EL MITO DE LA IGUALDAD HUMANA
EL MITO DE LA IGUALDAD HUMANA
Existen más razones para comprender cómo el cerebro guía el comportamiento. Con cualquier eje que utilicemos para medir a los seres humanos, descubrimos una amplia distribución, ya sea en empatía, inteligencia, habilidad natatoria, agresividad o talento innato para el violonchelo o el ajedrez.[212] Las personas no nacen iguales. Aunque a veces se considera que esta variabilidad es un tema que más vale mantener oculto, de hecho es el motor de la evolución. En cada generación, la naturaleza prueba con todas las variaciones que puede generar, en todas las dimensiones posibles, y los productos que mejor se adaptan al entorno son los que se acaban reproduciendo. Durante los últimos mil millones de años, este enfoque ha sido tremendamente fructífero, y ha producido unos seres humanos que viajan por el espacio partiendo de moléculas que se autorreplicaban en una sopa prebiótica.
Pero esta variación es también fuente de problemas para el sistema legal, que se construye parcialmente sobre la premisa de que los seres humanos son todos iguales ante la ley. Este arraigado mito de la igualdad humana sugiere que todas las personas son igualmente capaces de tomar decisiones, controlar los impulsos y comprender las consecuencias. Aunque la idea es admirable, simplemente no es cierta.
Hay quien argumenta que aunque puede que el mito haga aguas, todavía podría ser útil seguir aferrándose a él. Este argumento sugiere que sea realista o no la igualdad, proporciona «un tipo de orden social especialmente admirable, y aunque quizá los hechos lo desdigan, la justicia y la estabilidad rendirán beneficios».[213] En otras palabras, se puede demostrar que un supuesto es falso y seguir teniendo utilidad.

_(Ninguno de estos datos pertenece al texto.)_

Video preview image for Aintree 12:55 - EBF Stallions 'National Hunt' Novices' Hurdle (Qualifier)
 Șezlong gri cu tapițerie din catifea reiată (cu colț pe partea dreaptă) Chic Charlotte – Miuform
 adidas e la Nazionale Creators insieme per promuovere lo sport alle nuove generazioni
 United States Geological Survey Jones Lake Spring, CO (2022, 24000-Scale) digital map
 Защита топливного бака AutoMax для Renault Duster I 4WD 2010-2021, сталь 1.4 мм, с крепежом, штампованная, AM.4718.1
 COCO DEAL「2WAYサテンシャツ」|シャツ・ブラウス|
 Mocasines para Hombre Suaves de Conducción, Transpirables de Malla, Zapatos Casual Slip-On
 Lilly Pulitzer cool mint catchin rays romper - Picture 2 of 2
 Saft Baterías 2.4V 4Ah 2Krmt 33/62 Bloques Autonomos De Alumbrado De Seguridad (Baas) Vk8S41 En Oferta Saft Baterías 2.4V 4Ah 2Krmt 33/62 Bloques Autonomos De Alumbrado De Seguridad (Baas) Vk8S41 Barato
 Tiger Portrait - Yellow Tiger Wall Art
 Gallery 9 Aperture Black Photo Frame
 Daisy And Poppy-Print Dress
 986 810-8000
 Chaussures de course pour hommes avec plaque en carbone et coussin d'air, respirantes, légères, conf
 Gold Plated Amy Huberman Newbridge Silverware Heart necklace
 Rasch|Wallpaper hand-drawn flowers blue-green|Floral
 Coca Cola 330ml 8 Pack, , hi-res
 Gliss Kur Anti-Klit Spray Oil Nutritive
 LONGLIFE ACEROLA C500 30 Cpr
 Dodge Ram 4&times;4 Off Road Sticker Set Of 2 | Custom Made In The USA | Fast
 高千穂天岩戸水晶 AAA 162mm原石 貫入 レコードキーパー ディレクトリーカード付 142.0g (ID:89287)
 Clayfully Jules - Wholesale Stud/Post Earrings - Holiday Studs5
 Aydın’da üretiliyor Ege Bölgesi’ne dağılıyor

Yo disiento. Como hemos visto a lo largo del libro, la gente no llega al mundo con las mismas capacidades. La genética y la historia personal moldean el cerebro con resultados muy distintos. De hecho, es algo que la ley reconoce en parte, porque la tensión es demasiado grande como para afirmar que todos los cerebros son iguales. Consideremos el factor de la edad. Los adolescentes cuentan con habilidades distintas en la toma de decisiones y el control de los impulsos que los adultos; el cerebro del niño simplemente no es como el cerebro de un adulto,[214] por lo que en Estados Unidos la ley lo reconoce sin mucha sutileza trazando una línea nítida entre los diecisiete y los dieciocho años. El Tribunal Supremo de los Estados Unidos dictaminó en el caso Roper versus Simmons que a los menores de dieciocho años, cuando cometen un crimen, no se les debe condenar a la pena de muerte.[215] La ley también reconoce que el coeficiente de inteligencia es importante. Así, el Tribunal Supremo emitió un dictamen parecido afirmando que los retrasados mentales no pueden ser ejecutados por crímenes capitales.
Así pues, la ley ya reconoce que no todos los cerebros nacen iguales. El problema es que la versión actual de la ley utiliza divisiones toscas: si tienes dieciocho años, podemos matarte; si te falta un día para cumplirlos, estás salvado. Si tu cociente intelectual es de 70, vas a la silla eléctrica; si es de 69, te quedas cómodamente en el colchón de la cárcel. (Como la puntuación del cociente de inteligencia fluctúa en días distintos y según sean las condiciones al hacer la prueba, más nos vale que todo nos sea favorable si estamos en el límite).
No tiene sentido afirmar que todos los ciudadanos mayores de edad y que no son retrasados mentalmente son iguales entre sí, porque no lo son. Con genes y experiencias distintas, la gente puede ser tan distinta por dentro como por fuera. A medida que la neurociencia avance, tendremos más capacidad de comprender a la gente a lo largo del espectro, y no en toscas categorías binarias, lo que nos permitirá adaptar la condena y la rehabilitación a cada individuo en lugar de seguir fingiendo que todos los cerebros responden a los mismos incentivos y merecen los mismos castigos.